Da stimmte von den Beinen bis zur Frisur einfach alles. Sie hatte schwarze Locken, die ein hübsches rundes Gesicht umschmeichelten. Die ausdrucksvollen dunklen Augen waren die einer erfahrenen Frau, die dezent geschminkten Lippen ebenfalls, aber der Ausdruck des Gesichts spiegelte eine scheinbar kindliche Naivität wider. Der üppige Busen spannte die weiße Bluse, die so einfach gehalten war, dass sie schon wieder raffiniert wirkte. Der Schmuck bestand aus wenigen auserlesenen Stücken.

»Suchen Sie mich?«, fragte die Schöne unschuldig.

Wir wiesen uns aus, sie zog es vor, uns auf dem Flur abzuwimmeln. Doch ich hielt es für angebracht, einen Blick in das Apartment zu werfen.

»Wir besprechen das alles besser in Ihrer Wohnung«, sagte ich und ließ ihr keine Wahl.

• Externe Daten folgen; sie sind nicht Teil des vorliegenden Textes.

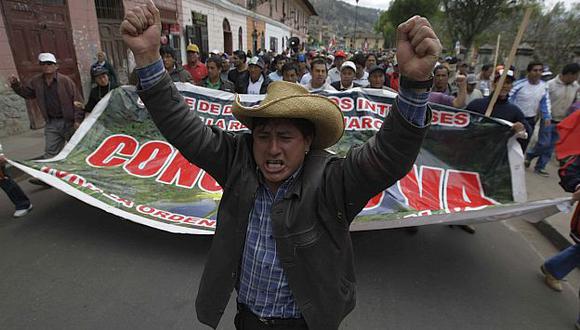 Manifestantes antimineros volvieron a realizar marchas por las calles de Cajamarca. (Rafael Cornejo)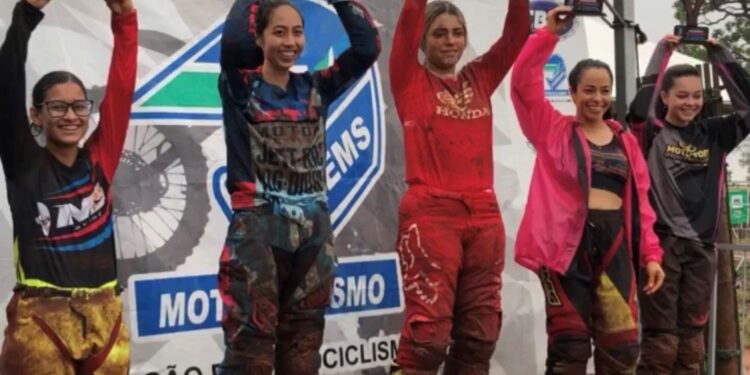 Chuva e lama marcam abertura do Campeonato Sul-Mato-Grossense de Velocross na Capital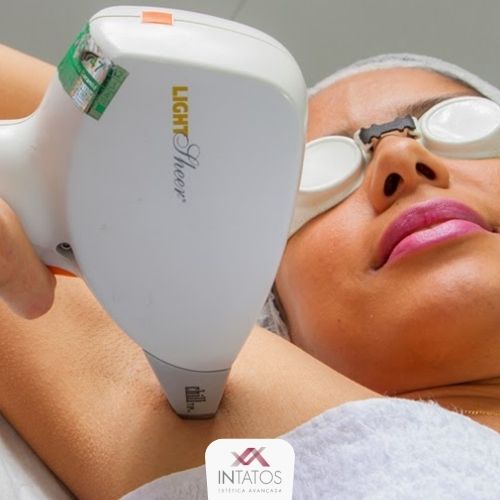 Realizando a Aplicação da Depilação a Lazer Feminina na Axila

Als wir in der Tür zum Wohnzimmer standen, schnappten wir ein zweites Mal nach Luft. Das war der würdige Rahmen für dieses Luxusweibchen. Schwellendes Leder, teure Felle, ein imitierter Kamin und überall geschmackvoll ausgesuchte Kleinigkeiten wie Vasen oder Bilder, Plastiken und Gläser.

Kein Wunder, dass Rocky Percone dieses traute Heim samt Ehefrau mit Klauen und Zähnen verteidigte. Da konnte jeder ins Träumen geraten.

Rita Percone erwies sich als ein freundlicher, aufgeschlossener Mensch. Ich musste den ersten Eindruck, den ich gewonnen hatte, schnell revidieren. Wahrscheinlich hatten mir die Informationen, die ich aus der Zentrale über ihr Vorleben bezogen hatte, einen bösen Streich gespielt.

Ihre Bücherwand war wesentlich größer als ihre Hausbar, und das wollte in diesen Tagen schon etwas heißen. Darüber hinaus hatte sie die Werke bedeutender Zeitgenossen nicht nur zur Dekoration herumstehen, sondern zitierte aus dem Stegreif Faulkner, Dos Pasos und Hemingway. Von ihm hatte es ihr besonders der Absatz angetan, in dem er seine Auffassung von Gut und Böse darlegt: »Gut ist das, wonach man sich gut fühlt.